* _Exercise_
The response must match the data below exactly, line for line.

Dataset entries
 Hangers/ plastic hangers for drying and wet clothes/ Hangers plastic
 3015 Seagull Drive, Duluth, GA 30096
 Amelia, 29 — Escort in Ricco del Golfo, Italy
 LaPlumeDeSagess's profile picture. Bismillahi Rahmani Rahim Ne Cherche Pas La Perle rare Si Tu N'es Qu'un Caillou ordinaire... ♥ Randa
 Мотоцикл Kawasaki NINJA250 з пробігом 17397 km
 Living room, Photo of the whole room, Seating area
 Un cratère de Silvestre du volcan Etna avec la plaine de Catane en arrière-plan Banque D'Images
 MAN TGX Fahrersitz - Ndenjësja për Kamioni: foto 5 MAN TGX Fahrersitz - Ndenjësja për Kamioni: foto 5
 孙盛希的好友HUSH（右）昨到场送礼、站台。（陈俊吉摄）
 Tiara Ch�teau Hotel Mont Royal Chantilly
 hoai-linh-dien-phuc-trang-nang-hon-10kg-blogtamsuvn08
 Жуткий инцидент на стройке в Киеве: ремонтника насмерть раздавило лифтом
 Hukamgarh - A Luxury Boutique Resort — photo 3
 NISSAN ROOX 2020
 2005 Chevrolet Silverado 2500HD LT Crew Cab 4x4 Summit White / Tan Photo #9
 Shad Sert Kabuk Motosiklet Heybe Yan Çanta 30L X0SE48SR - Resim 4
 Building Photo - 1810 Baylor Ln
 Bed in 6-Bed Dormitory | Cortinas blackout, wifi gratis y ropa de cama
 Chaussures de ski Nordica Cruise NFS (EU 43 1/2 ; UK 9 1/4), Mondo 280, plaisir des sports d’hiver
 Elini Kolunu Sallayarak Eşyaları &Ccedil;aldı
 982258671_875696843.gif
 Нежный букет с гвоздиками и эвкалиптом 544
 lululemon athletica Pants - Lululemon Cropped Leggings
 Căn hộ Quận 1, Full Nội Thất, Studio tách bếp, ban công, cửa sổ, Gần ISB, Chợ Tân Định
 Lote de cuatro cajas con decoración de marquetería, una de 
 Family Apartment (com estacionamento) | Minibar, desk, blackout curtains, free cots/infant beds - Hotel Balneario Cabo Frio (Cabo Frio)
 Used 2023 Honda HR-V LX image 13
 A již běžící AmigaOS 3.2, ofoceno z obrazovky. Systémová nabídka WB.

* _Response area_
 Hangers/ plastic hangers for drying and wet clothes/ Hangers plastic
 3015 Seagull Drive, Duluth, GA 30096
 Amelia, 29 — Escort in Ricco del Golfo, Italy
 LaPlumeDeSagess's profile picture. Bismillahi Rahmani Rahim Ne Cherche Pas La Perle rare Si Tu N'es Qu'un Caillou ordinaire... ♥ Randa
 Мотоцикл Kawasaki NINJA250 з пробігом 17397 km
 Living room, Photo of the whole room, Seating area
 Un cratère de Silvestre du volcan Etna avec la plaine de Catane en arrière-plan Banque D'Images
 MAN TGX Fahrersitz - Ndenjësja për Kamioni: foto 5 MAN TGX Fahrersitz - Ndenjësja për Kamioni: foto 5
 孙盛希的好友HUSH（右）昨到场送礼、站台。（陈俊吉摄）
 Tiara Ch�teau Hotel Mont Royal Chantilly
 hoai-linh-dien-phuc-trang-nang-hon-10kg-blogtamsuvn08
 Жуткий инцидент на стройке в Киеве: ремонтника насмерть раздавило лифтом
 Hukamgarh - A Luxury Boutique Resort — photo 3
 NISSAN ROOX 2020
 2005 Chevrolet Silverado 2500HD LT Crew Cab 4x4 Summit White / Tan Photo #9
 Shad Sert Kabuk Motosiklet Heybe Yan Çanta 30L X0SE48SR - Resim 4
 Building Photo - 1810 Baylor Ln
 Bed in 6-Bed Dormitory | Cortinas blackout, wifi gratis y ropa de cama
 Chaussures de ski Nordica Cruise NFS (EU 43 1/2 ; UK 9 1/4), Mondo 280, plaisir des sports d’hiver
 Elini Kolunu Sallayarak Eşyaları &Ccedil;aldı
 982258671_875696843.gif
 Нежный букет с гвоздиками и эвкалиптом 544
 lululemon athletica Pants - Lululemon Cropped Leggings
 Căn hộ Quận 1, Full Nội Thất, Studio tách bếp, ban công, cửa sổ, Gần ISB, Chợ Tân Định
 Lote de cuatro cajas con decoración de marquetería, una de 
 Family Apartment (com estacionamento) | Minibar, desk, blackout curtains, free cots/infant beds - Hotel Balneario Cabo Frio (Cabo Frio)
 Used 2023 Honda HR-V LX image 13
 A již běžící AmigaOS 3.2, ofoceno z obrazovky. Systémová nabídka WB.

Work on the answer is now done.